The sequence of events is as follows:
The IP packet is pulled off the input queue (in ipintr).
Immediately after this, the fields in the IP header are converted
to host byte order.
After determining that the packet needs to be forwarded, it is
handed to ip_forward, which quite early makes a copy of the start
of the packet, which will eventually be used for an ICMP message.
Now this copy process handles mbufs with M_EXT set by just pointing
to the same external storage as the original mbuf (this is the
culprit of the problem, see below).
After that there is a check for whether to send an ICMP redirect,
the outcome of which is remembered until later (i.e. the ICMP
message isn't sent right here).
Then the packet is handed to ip_output, which (among other things)
converts the fields in the IP header back to network byte order.
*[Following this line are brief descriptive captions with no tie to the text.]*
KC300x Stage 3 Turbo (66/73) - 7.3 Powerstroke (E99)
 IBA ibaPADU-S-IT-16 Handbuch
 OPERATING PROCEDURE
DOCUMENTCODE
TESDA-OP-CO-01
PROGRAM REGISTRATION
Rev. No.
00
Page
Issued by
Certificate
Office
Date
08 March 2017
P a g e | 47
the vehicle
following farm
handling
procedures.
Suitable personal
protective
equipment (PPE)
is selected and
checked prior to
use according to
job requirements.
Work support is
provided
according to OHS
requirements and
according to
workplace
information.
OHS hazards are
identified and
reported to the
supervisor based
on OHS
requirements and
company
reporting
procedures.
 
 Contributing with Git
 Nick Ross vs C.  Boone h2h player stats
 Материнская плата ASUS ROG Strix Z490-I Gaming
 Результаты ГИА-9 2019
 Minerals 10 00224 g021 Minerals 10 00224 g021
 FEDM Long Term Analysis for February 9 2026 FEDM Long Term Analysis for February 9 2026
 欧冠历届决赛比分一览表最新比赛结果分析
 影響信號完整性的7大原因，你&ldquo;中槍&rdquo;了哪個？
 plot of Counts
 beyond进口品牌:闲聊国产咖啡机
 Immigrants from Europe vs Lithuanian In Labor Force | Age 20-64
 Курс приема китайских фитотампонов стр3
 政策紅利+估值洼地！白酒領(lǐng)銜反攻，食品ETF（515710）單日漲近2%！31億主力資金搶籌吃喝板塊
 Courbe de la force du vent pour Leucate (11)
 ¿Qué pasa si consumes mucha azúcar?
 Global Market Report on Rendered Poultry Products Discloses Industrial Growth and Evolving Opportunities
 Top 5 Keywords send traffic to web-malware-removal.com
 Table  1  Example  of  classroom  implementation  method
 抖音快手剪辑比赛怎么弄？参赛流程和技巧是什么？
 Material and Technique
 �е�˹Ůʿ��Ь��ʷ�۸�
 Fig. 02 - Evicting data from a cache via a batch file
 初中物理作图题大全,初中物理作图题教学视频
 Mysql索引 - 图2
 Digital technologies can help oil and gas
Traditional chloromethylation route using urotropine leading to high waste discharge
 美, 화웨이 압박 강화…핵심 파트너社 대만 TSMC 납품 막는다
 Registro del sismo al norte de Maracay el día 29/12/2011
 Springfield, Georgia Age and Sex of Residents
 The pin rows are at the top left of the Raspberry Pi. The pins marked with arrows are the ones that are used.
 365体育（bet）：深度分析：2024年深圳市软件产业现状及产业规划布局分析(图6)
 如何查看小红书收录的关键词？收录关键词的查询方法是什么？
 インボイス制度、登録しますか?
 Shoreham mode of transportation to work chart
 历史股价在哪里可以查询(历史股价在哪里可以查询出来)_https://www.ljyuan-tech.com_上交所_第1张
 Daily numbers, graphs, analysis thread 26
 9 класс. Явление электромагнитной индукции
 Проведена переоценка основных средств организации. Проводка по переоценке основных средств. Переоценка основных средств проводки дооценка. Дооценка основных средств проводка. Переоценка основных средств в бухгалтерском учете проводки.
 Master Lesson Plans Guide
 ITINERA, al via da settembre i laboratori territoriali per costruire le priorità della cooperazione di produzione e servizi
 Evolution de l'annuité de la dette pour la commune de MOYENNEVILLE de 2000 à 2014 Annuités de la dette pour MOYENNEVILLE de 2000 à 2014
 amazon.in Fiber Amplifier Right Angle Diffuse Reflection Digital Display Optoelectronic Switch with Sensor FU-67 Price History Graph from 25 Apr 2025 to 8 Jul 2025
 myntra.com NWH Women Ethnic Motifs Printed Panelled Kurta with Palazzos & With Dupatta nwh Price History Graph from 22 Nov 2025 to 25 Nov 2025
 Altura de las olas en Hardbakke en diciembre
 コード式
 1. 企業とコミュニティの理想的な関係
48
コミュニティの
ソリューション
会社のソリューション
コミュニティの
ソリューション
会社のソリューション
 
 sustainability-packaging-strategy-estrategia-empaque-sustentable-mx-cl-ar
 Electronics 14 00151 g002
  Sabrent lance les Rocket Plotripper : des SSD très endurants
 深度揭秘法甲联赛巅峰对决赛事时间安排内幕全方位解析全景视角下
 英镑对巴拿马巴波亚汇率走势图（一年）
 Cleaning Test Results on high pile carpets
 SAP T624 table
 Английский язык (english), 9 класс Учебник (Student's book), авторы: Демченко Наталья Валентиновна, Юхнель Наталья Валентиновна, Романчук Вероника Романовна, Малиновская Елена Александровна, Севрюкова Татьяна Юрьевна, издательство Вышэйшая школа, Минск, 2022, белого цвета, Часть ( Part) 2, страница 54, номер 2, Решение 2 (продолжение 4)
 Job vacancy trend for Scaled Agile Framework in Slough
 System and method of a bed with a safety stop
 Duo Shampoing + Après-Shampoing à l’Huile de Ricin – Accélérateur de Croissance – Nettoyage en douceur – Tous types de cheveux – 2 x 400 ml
It's only after the return from ip_output that eventually the
function icmp_error gets called in order to actually send the
ICMP redirect determined above.
Now remember that if the original packet was in a cluster (or
otherwise external storage), the storage for the packet data
handed to icmp_error is the same as that handed to ip_output
previously. Since ip_output swapped the bytes in the IP header,
the header in this case isn't in the byte order which icmp_error
expects!
icmp_error tries to avoid sending messages in response to packets
other than the first fragment of a larger sequence. Therefore it
checks the offset field in the IP header, of course masking off the
"don't fragment" and "more fragments" bits. However, since the
field is in the wrong byteorder, it masks off the wrong bits.
Especially if the original packet had the "don't fragment" bit
set (which is quite common nowadays), the code in icmp_error
incorrectly determines that the packet isn't the first fragment
and happily discards it.
Note that I actually analyzed this on a 1.3.2 box (don't ask)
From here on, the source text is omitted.